EXERCISE INSTRUCTIONS
The word "Plastic" marks the lines to copy; find all of them in the entries below.

§

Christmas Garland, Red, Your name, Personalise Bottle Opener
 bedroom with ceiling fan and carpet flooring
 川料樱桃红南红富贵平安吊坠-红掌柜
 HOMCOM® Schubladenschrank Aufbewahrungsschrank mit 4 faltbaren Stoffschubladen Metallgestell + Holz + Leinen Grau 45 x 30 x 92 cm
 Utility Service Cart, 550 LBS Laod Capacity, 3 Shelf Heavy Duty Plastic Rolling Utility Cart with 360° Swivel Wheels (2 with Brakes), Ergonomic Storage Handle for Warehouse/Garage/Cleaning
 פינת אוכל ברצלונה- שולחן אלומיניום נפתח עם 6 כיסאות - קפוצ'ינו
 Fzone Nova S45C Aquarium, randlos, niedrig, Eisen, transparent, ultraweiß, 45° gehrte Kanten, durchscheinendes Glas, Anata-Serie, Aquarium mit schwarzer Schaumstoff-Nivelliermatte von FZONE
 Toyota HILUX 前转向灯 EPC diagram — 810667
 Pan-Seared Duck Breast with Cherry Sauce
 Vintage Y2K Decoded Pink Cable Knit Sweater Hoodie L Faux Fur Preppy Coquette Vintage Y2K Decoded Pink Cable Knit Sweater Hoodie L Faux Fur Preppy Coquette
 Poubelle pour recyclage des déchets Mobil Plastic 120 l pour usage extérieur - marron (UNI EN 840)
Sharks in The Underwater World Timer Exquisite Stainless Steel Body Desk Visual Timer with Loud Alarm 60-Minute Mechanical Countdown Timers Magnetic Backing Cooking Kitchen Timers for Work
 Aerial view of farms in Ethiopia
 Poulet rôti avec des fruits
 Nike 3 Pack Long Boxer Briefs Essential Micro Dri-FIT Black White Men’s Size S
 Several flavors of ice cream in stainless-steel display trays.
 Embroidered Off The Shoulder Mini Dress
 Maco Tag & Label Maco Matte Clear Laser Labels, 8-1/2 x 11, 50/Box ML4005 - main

§

RESULT FOR THIS EXERCISE
 Utility Service Cart, 550 LBS Laod Capacity, 3 Shelf Heavy Duty Plastic Rolling Utility Cart with 360° Swivel Wheels (2 with Brakes), Ergonomic Storage Handle for Warehouse/Garage/Cleaning
 Poubelle pour recyclage des déchets Mobil Plastic 120 l pour usage extérieur - marron (UNI EN 840)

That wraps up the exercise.